/---

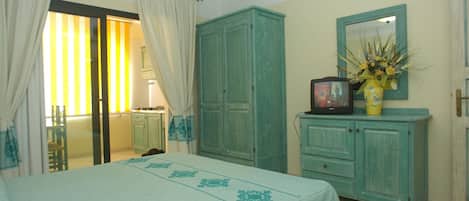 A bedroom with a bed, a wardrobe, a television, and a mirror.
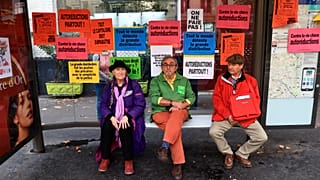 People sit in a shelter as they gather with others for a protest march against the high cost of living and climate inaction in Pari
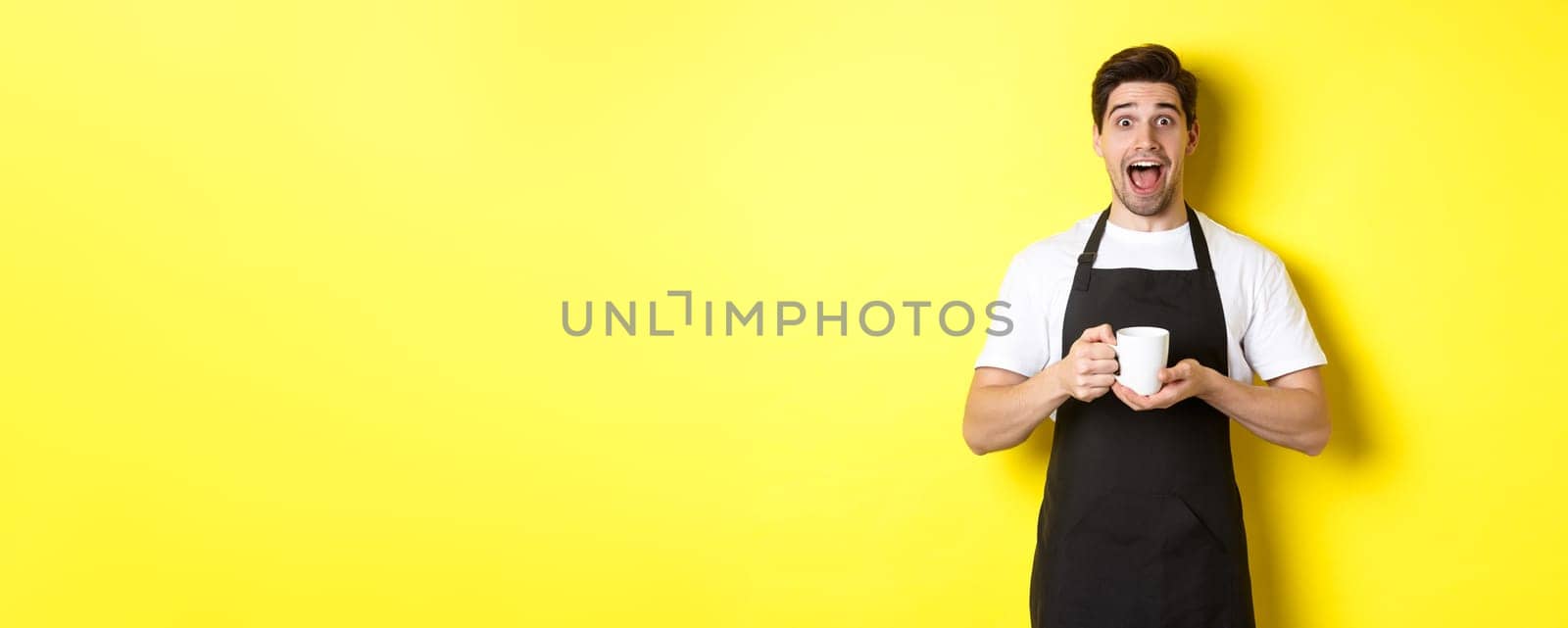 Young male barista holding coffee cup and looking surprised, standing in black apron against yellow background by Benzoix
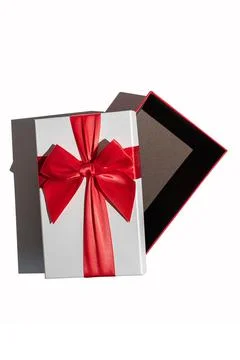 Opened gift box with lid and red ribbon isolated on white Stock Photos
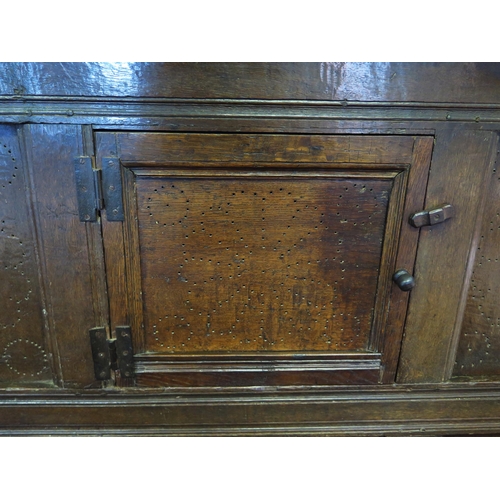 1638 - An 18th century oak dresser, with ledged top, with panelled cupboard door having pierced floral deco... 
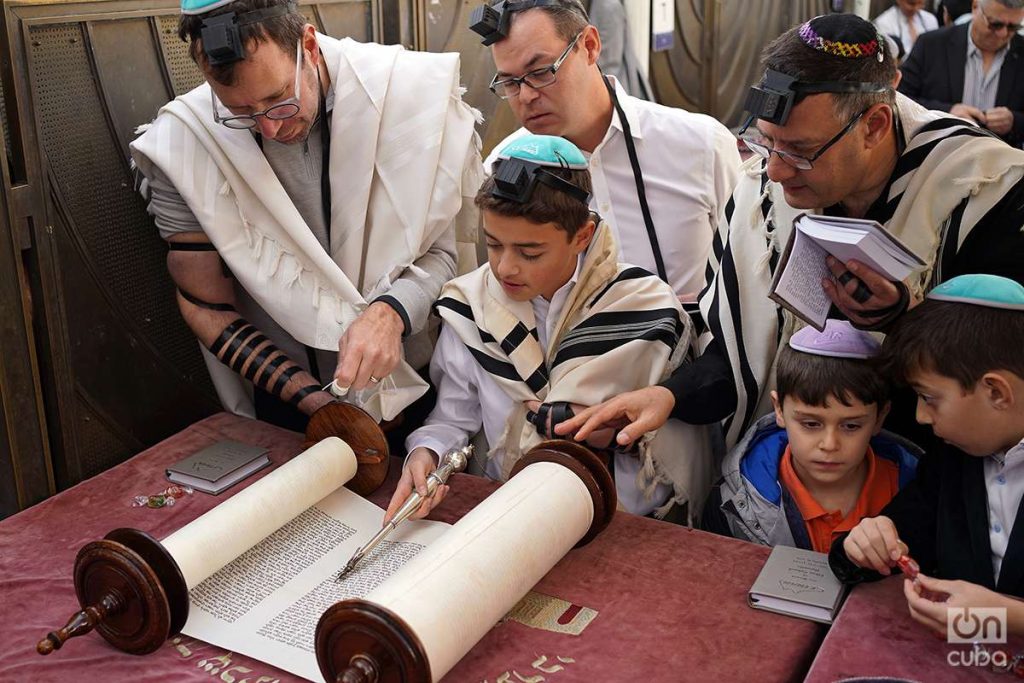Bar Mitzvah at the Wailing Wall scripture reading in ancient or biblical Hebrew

\---

Give back exactly the lines running from the one that contains "Opened gift box" to the end of the records, including both of those lines and excluding every picture.

 Opened gift box with lid and red ribbon isolated on white Stock Photos
 1638 - An 18th century oak dresser, with ledged top, with panelled cupboard door having pierced floral deco... 
Bar Mitzvah at the Wailing Wall scripture reading in ancient or biblical Hebrew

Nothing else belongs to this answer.